* [BRIEF]
All of the records below must be reproduced exactly, minus any pictures.

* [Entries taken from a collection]
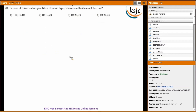Question twenty: in the case of three vector quantities of the same type, which resultant cannot be zero. For option four, the vectors are 10, 20, and 40. The first two can produce a maximum resultant of 30 and minimum of 10. Since 40 cannot be balanced by a maximum of 30, the resultant cannot be zero. So the answer is four.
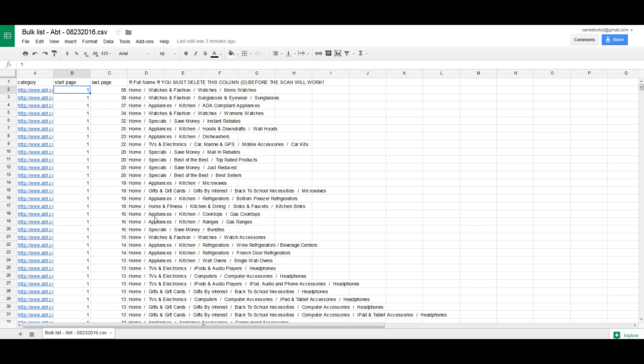The easiest way to figure it out — and this is why we entered and added column D to every bulk list, and we're looking at the bulk list right now — is to just sort this by category. Then you can select whole categories, multiple categories, or segments of categories, and it will be sorted by the category that you want. I'm going to show you how to do it in Excel.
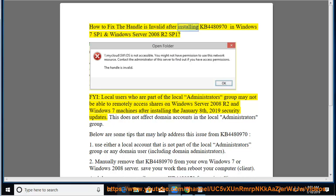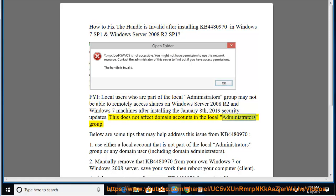How to fix 'the handle is invalid' after installing KB4480970 in Windows 7 SP1 and Windows Server 2008 R2 SP1. Local users who are part of the local administrators group may not be able to remotely access shares on Windows Server 2008 R2 and Windows 7 machines after installing the January 8, 2019 security updates. This does not affect domain accounts in the local administrators group. Below are some tips from KB4480970 that may help address this issue.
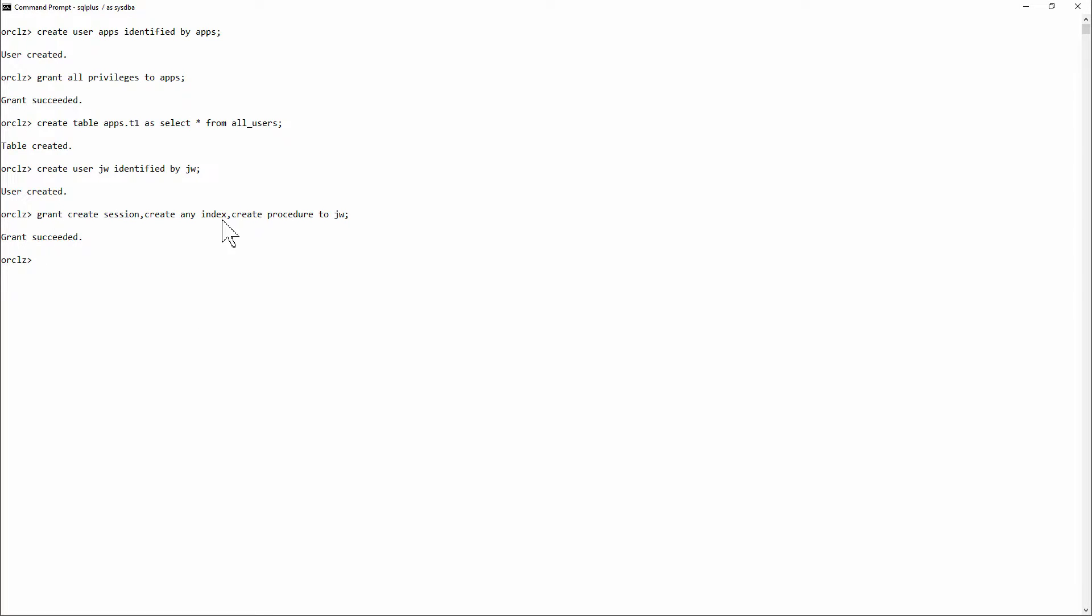Create any index. Create procedure. So he can create procedures in his own schema and indexes on the application tables. That might be reasonable for a developer.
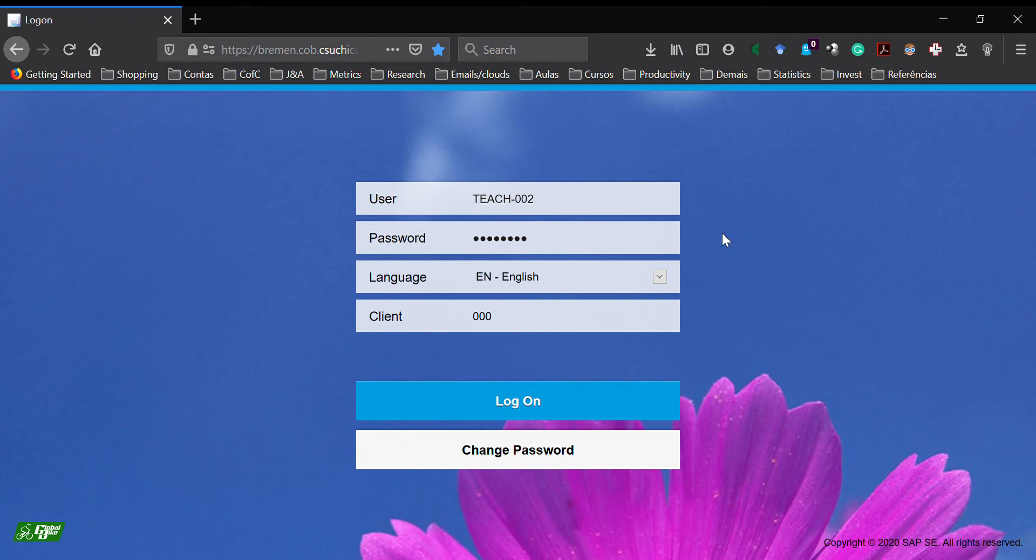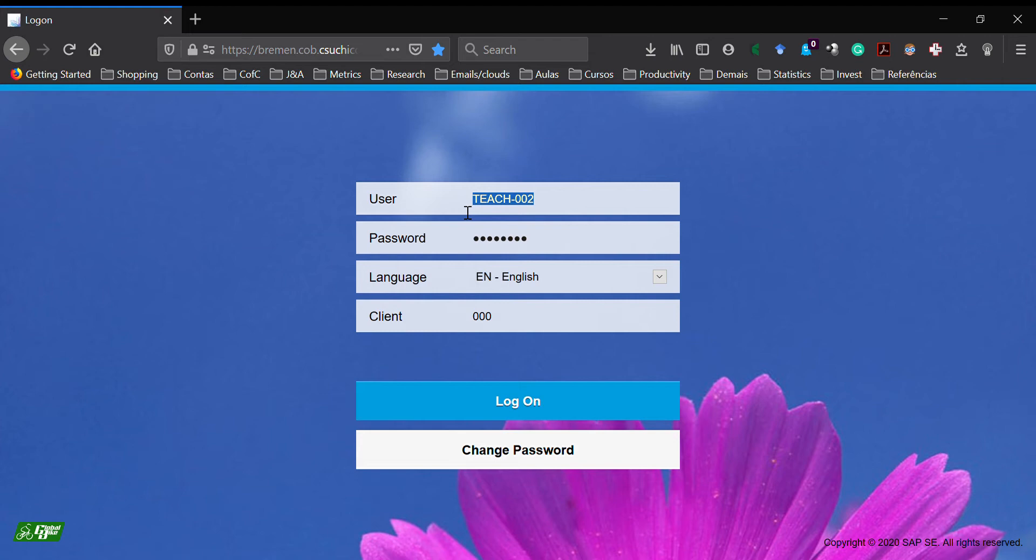This video shows you how to connect to SAP to find information about one customer. I'm on the initial login page, so I'm going to type my user and my password.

* [WRITTEN REPLY]
Question twenty: in the case of three vector quantities of the same type, which resultant cannot be zero. For option four, the vectors are 10, 20, and 40. The first two can produce a maximum resultant of 30 and minimum of 10. Since 40 cannot be balanced by a maximum of 30, the resultant cannot be zero. So the answer is four.
The easiest way to figure it out — and this is why we entered and added column D to every bulk list, and we're looking at the bulk list right now — is to just sort this by category. Then you can select whole categories, multiple categories, or segments of categories, and it will be sorted by the category that you want. I'm going to show you how to do it in Excel.
How to fix 'the handle is invalid' after installing KB4480970 in Windows 7 SP1 and Windows Server 2008 R2 SP1. Local users who are part of the local administrators group may not be able to remotely access shares on Windows Server 2008 R2 and Windows 7 machines after installing the January 8, 2019 security updates. This does not affect domain accounts in the local administrators group. Below are some tips from KB4480970 that may help address this issue.
Create any index. Create procedure. So he can create procedures in his own schema and indexes on the application tables. That might be reasonable for a developer.
This video shows you how to connect to SAP to find information about one customer. I'm on the initial login page, so I'm going to type my user and my password.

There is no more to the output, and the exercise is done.